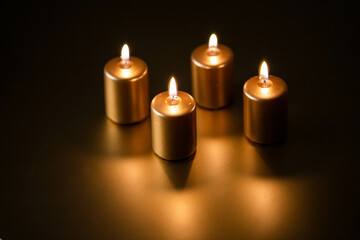 advent - Four golden Candles burning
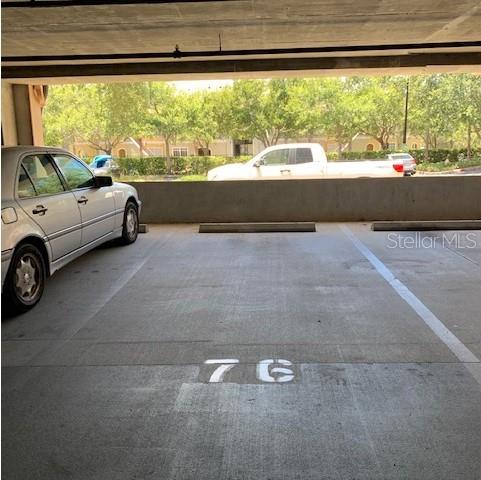 A covered parking space marked with the number 76 sits next to a parked car — 1216 S MISSOURI AVENUE UNIT 214, CLEARWATER, FL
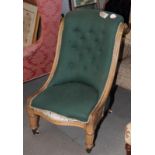 A Victorian nursing chair, button upholstered in a green fabric, with scroll carved side rails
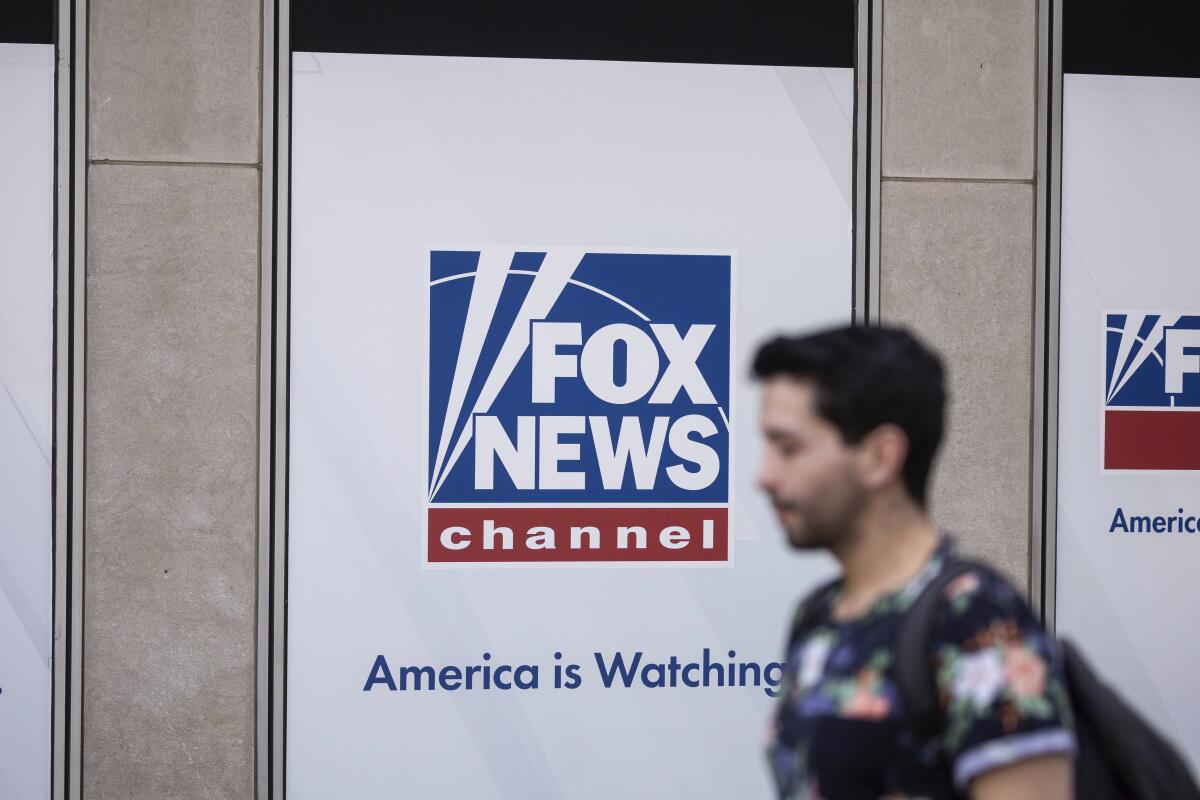 A person walks past a Fox News logo.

• Problem details:
In full and without changes, repeat the listing above, but not its pictures.

• Answer below:
 advent - Four golden Candles burning
 A covered parking space marked with the number 76 sits next to a parked car — 1216 S MISSOURI AVENUE UNIT 214, CLEARWATER, FL
 A Victorian nursing chair, button upholstered in a green fabric, with scroll carved side rails
 A person walks past a Fox News logo.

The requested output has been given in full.